We conducted a single-center retrospective study of patients with JDM treated by JAKi with a follow-up of at least 6 months. Proportion of clinically inactive disease (CID) within six months of JAKi initiation was evaluated using PRINTO criteria and skin Disease Activity Score. Serum IFN-α concentration was measured by SIMOA assay.
Nine refractory and one new-onset patients with JDM treated with ruxolitinib (n = 7) or baricitinib (n = 3) were included.
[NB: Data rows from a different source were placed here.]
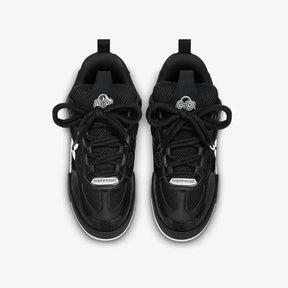Tênis Louis Vuitton LV Skate Sneaker Black White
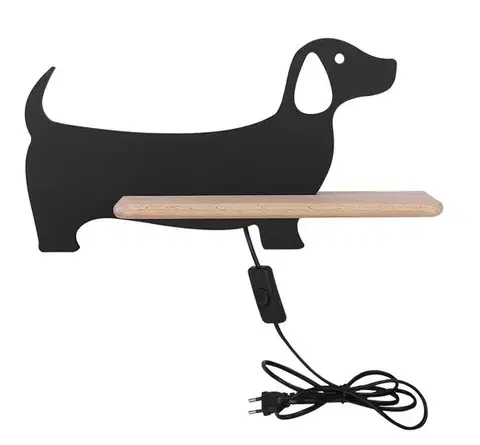 Osvetlenie Detská lampička DOG LED Candellux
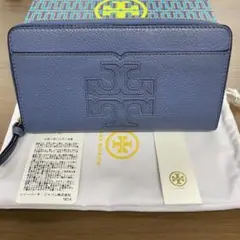 新品同様‼️トリーバーチ　TORYBURCH 財布　長財布　ラウンドファスナー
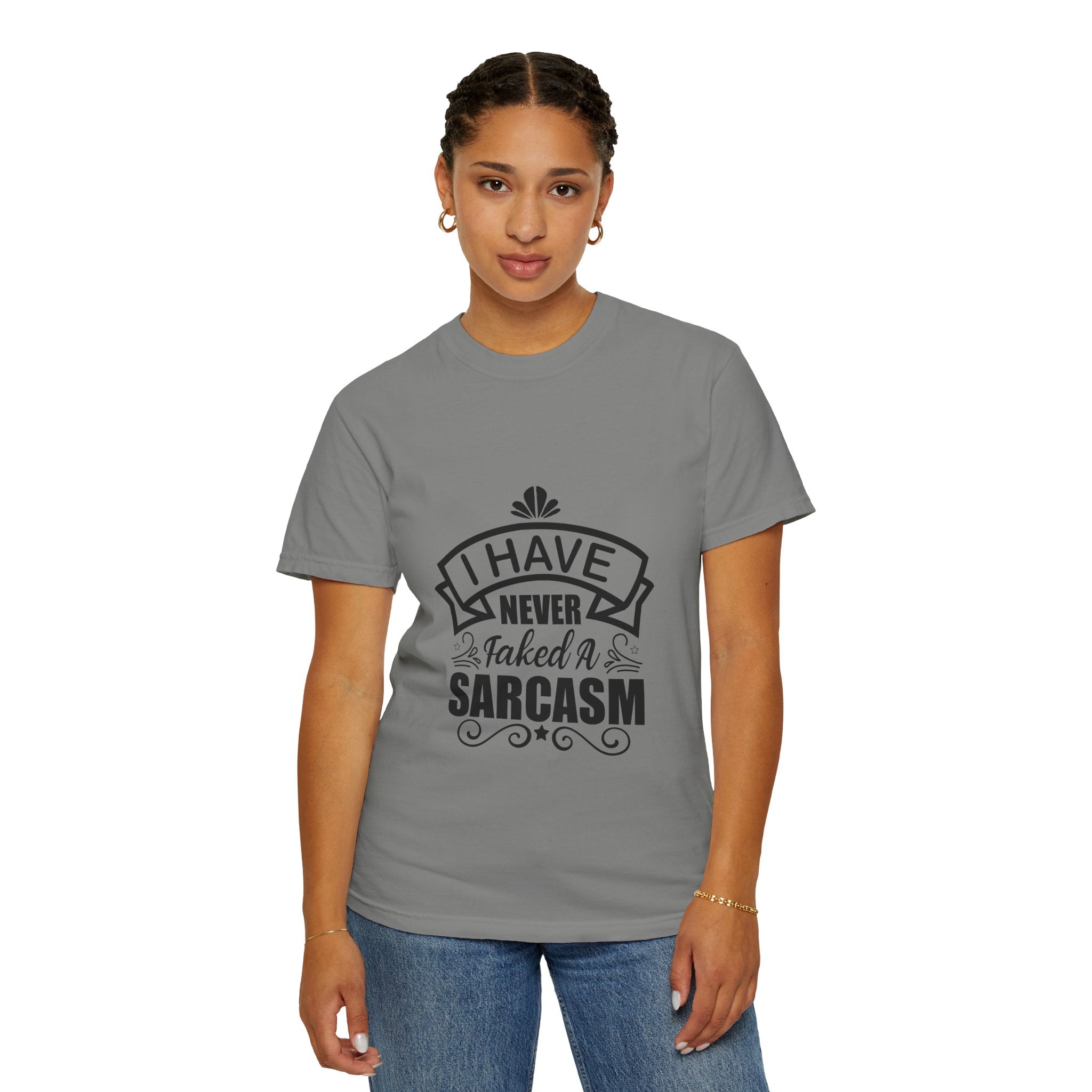Sarcastic T-Shirt for Humor Lovers, Funny Gift for Friends or Family, Perfect for Casual Wear, Birthdays, and Holidays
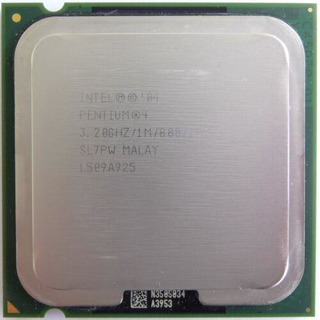 Processador Intel Pentium 4 540J 1M Cache, 3.20 GHz, 800 MHz 775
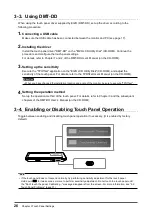 Preview for 26 page of Eizo MDF4601WT Setup Manual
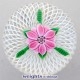 1985A Pink Flower; Ed. 400 1985A Pink Flower; Ed. 400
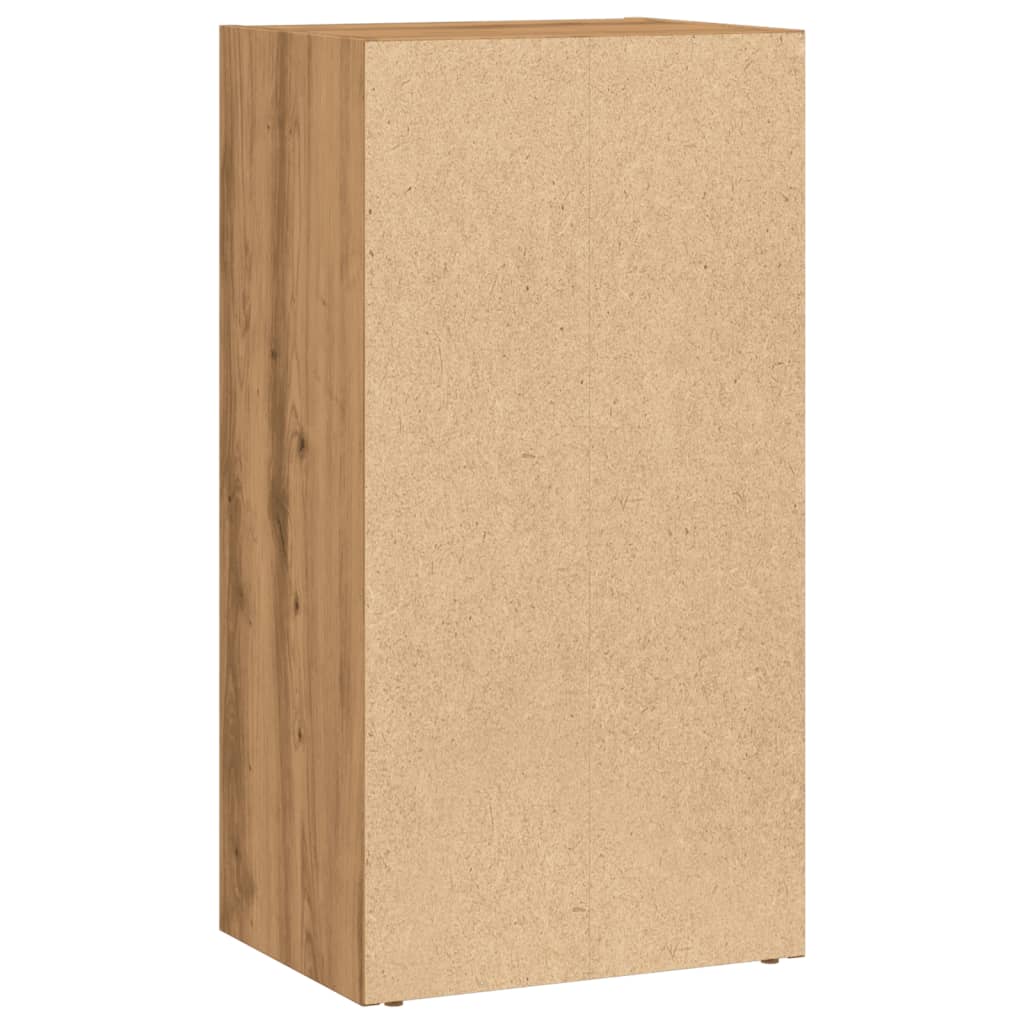 vidaXL Bibliotecă, stejar artizanal, 40x30x77 cm, lemn prelucrat vidaXL Bibliotecă, stejar artizanal, 40x30x77 cm, lemn prelucrat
The main indications for treatment were refractory muscle involvement (n = 8) and ulcerative skin disease (n = 2). CID was achieved in 5/10 patients (2/2 anti-MDA5, 3/4 anti-NXP2, 0/3 anti-TIF1γ positive patients) within six months of JAKi introduction. All responders could withdraw plasmatic exchange, immunoadsorption and other immunosuppressive drugs. The mean daily steroid dose decreased from 1.1 mg/Kg (range 0.35–2 mg/Kg/d) to 0.1 (range, 0–0.3, p= 0.008) in patients achieving CID, and was stopped in two. Serum IFN-α concentrations were elevated in all patients at the time of treatment initiation and normalized in both responder and non-responder. A muscle biopsy repeated in one patient 26 months after the initiation of JAKi, showed a complete restoration of muscle endomysial microvascular bed. Herpes zoster and skin abscesses developed in three and two patients, respectively.
JAKis resulted in a CID in a subset of new-onset or refractory patients with JDM and may dramatically reverse severe muscle vasculopathy. Overall tolerance was good except for a high rate of herpes zoster infection.